# Apartment Rental in Rome or Venice



## fluke (Apr 13, 2012)

I was wondering if anyone has had any good experiences in renting apartments in either Rome or Venice?  I have been on the internet searching out a few places but wanted to hear from someone who has already done it.  Thanks.


----------



## MaryH (Apr 14, 2012)

fluke said:


> I was wondering if anyone has had any good experiences in renting apartments in either Rome or Venice?  I have been on the internet searching out a few places but wanted to hear from someone who has already done it.  Thanks.



In the sightings RCI has a LM Venice unit.  

RHC has something in Rome, Mayfair residence.  I had friends that rented in Tuscany but not actually in Rome or Venice.

maybe try vrbo.com


----------



## Carolinian (Apr 14, 2012)

I usually use booking.com to find good hotel prices if I am not timesharing.  I have done apartment rentals in Croatia, St. Petersburg in Russia, and in Budapest with good results, but never tried it in Italy.


----------



## PStreet1 (Apr 14, 2012)

We rented an apartment in Rome last November and were very pleased with the experience.


----------



## fluke (Apr 14, 2012)

PStreet1 said:


> We rented an apartment in Rome last November and were very pleased with the experience.

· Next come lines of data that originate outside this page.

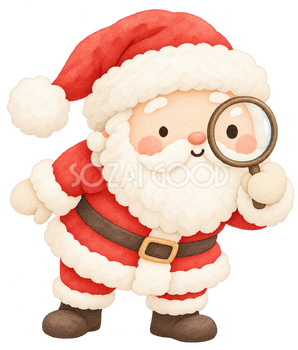 虫眼鏡で見つけるサンタ｜クリスマスの無料イラスト素材 112474
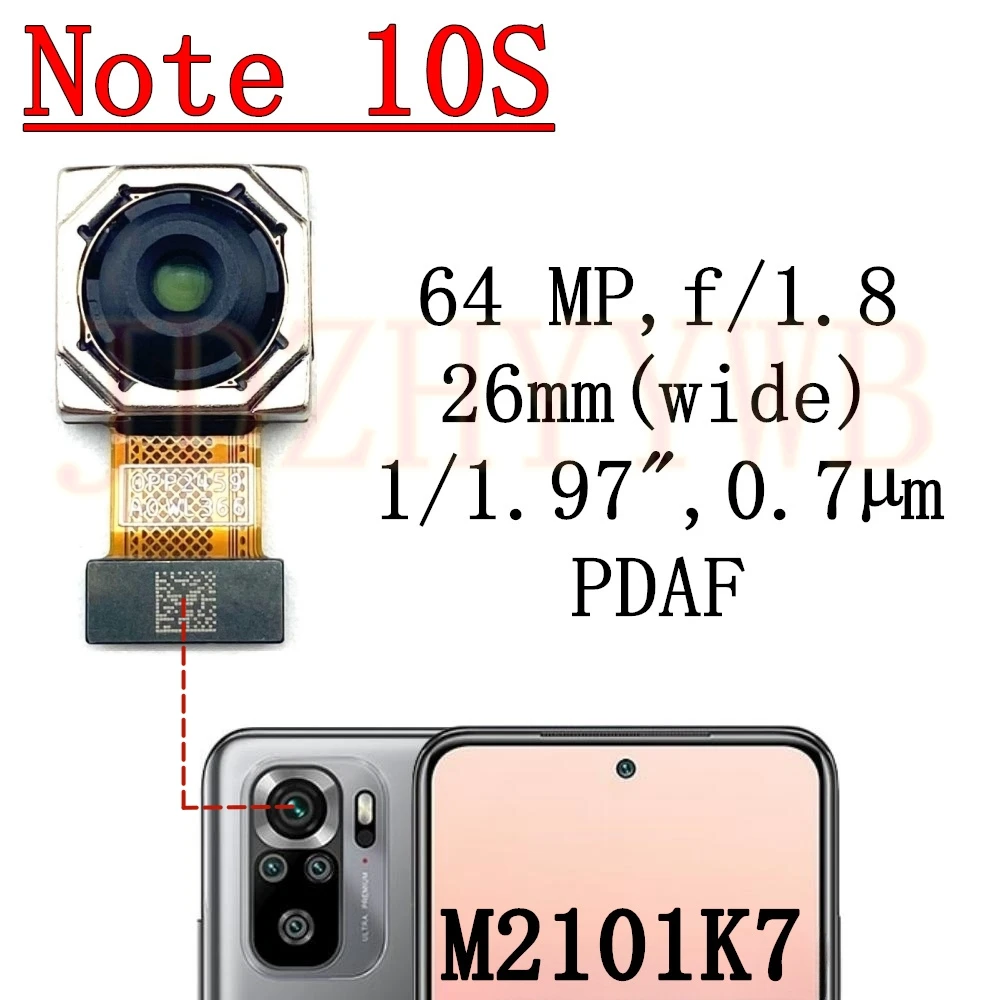 Rear Front Camera For Xiaomi Redmi Note 10S Frontal Selfie Facing Main Wide Back Camera Module Flex Cable Replacement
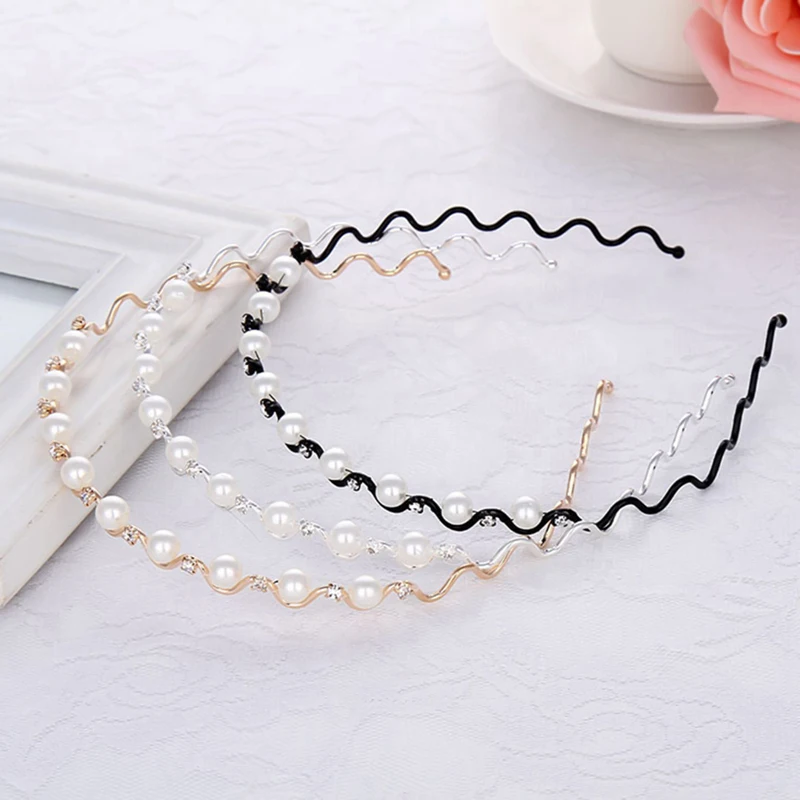 

Hoop Hair Band Wave Shaped Pearl Hairband Face Washing Headdress Hair Hoop Non Slip Black Metal Spiral Headband Men Women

Did you use a specific website or company?  I see multiple websites/services so I was wondering which websites/services people have had good experiences with.


----------



## bobpark56 (Apr 14, 2012)

*Crosti Hotel/Apartments*

Check out...

http://www.crostihotel.it/en/node/15

We stayed here last March (for a very reasonable price) and found it not luxurious, but quite acceptable. The restaurant they own is also good, with special rates for folks staying at either their hotel or their apartments. Be sure to make an appointment, though, as the restaurant can be crowded...especially on a Monday, when many other restaurants are closed.

  --bp


----------



## PStreet1 (Apr 14, 2012)

fluke said:


> Did you use a specific website or company?  I see multiple websites/services so I was wondering which websites/services people have had good experiences with.

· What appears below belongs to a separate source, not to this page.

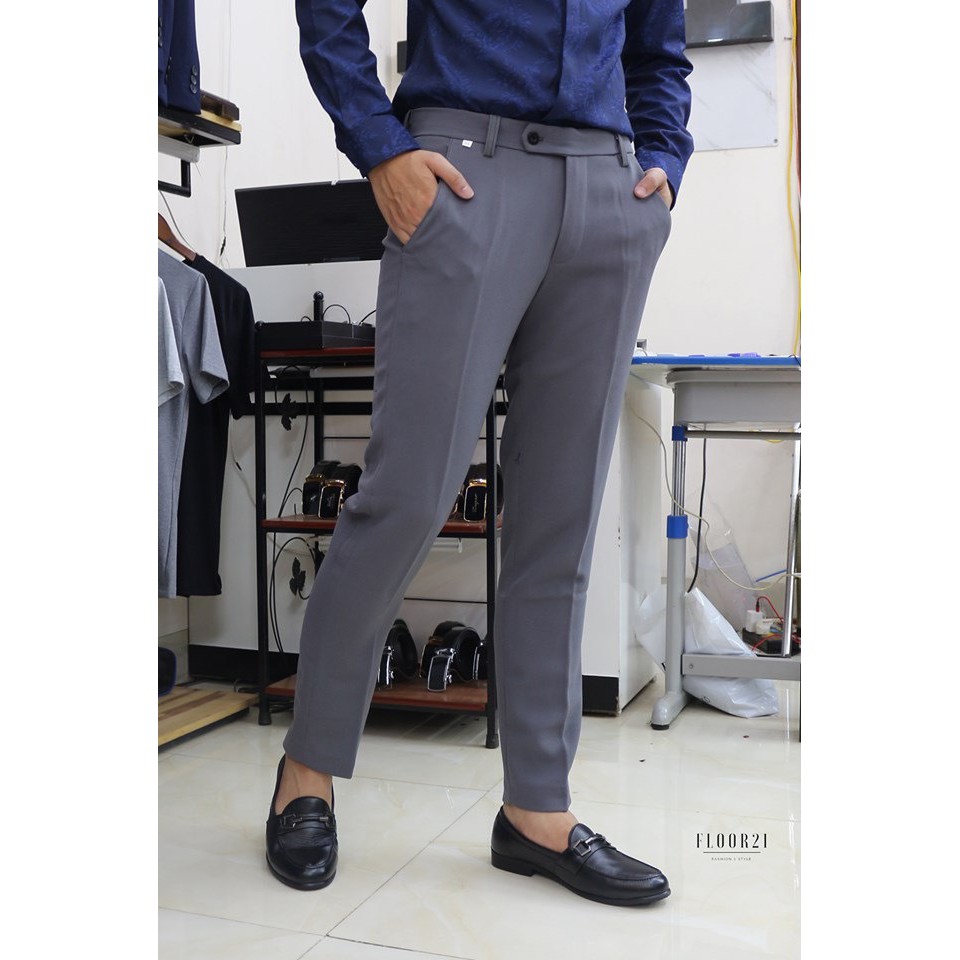 Quần âu nam ống côn màu xám đậm phom ôm,chất co dãn nhẹ,không nhăn,không xù | BigBuy360 - bigbuy360.vn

We rented from VRBO.com.  After we rented, we discovered rave reviews for Giovanna, our landlady on Trip Advisor.com.  As it turned out, they were so right on their reviews of Giovanna that I would rent anything Giovanna told me to.  She took us on a night sight seeing tour of Rome; she told us where to go to shop; she told us where to go to eat; she told us what to see----the list goes on and on.  It was a totally wonderful experience!


----------



## spencersmama (Apr 14, 2012)

Do you want apt rentals, not timeshares?  My friend used http://www.homeaway.com/  last year to book rentals for her family's month long trip to France.  (Her, DH, two teens) I've been checking them out for my trip to Europe next summer.  There are a ton of choices for the cities I'm looking into, so I've been sticking with the ones with multiple great reviews.  We will have me, my DH, 2 teens and my mother.  It looks like I can rent some 2 or 3 bedroom apts for the same price as just one hotel room.


----------



## hibbeln (Apr 15, 2012)

We've rented twice through www.rentalinrome.com while in Rome and once with www.palazzoolivia.it.  I like rental in Rome's photos and videos they have for the flats, as it makes it so you can really tell what they look like.
Check out the site www.slowtrav.com or maybe it's www.slowtravel.com as they have reviews of European apartment rentals.


----------



## hibbeln (Apr 15, 2012)

ooops, that's www.palazzo-olivia.it


----------



## fluke (Apr 15, 2012)

spencersmama said:


> Do you want apt rentals, not timeshares?  My friend used http://www.homeaway.com/  last year to book rentals for her family's month long trip to France.  (Her, DH, two teens) I've been checking them out for my trip to Europe next summer.  There are a ton of choices for the cities I'm looking into, so I've been sticking with the ones with multiple great reviews.  We will have me, my DH, 2 teens and my mother.  It looks like I can rent some 2 or 3 bedroom apts for the same price as just one hotel room.



Yes I am looking at apartment rentals.  Yes I have found the same, the price beats hotels significantly.  I am just a little bit hesitant about renting without solid references.  I am a little concerned about quality.


----------



## fluke (Apr 15, 2012)

Maybe I should add I am looking for a something that could fit 3 adults and 3 kids.


----------



## spencersmama (Apr 15, 2012)

There are plenty of places on the website I mentioned with multiple great reviews.  I have looked at places in Rome myself for next year and have a list of about 10 or so that are possibilities, and i haven't even looked at everything.


----------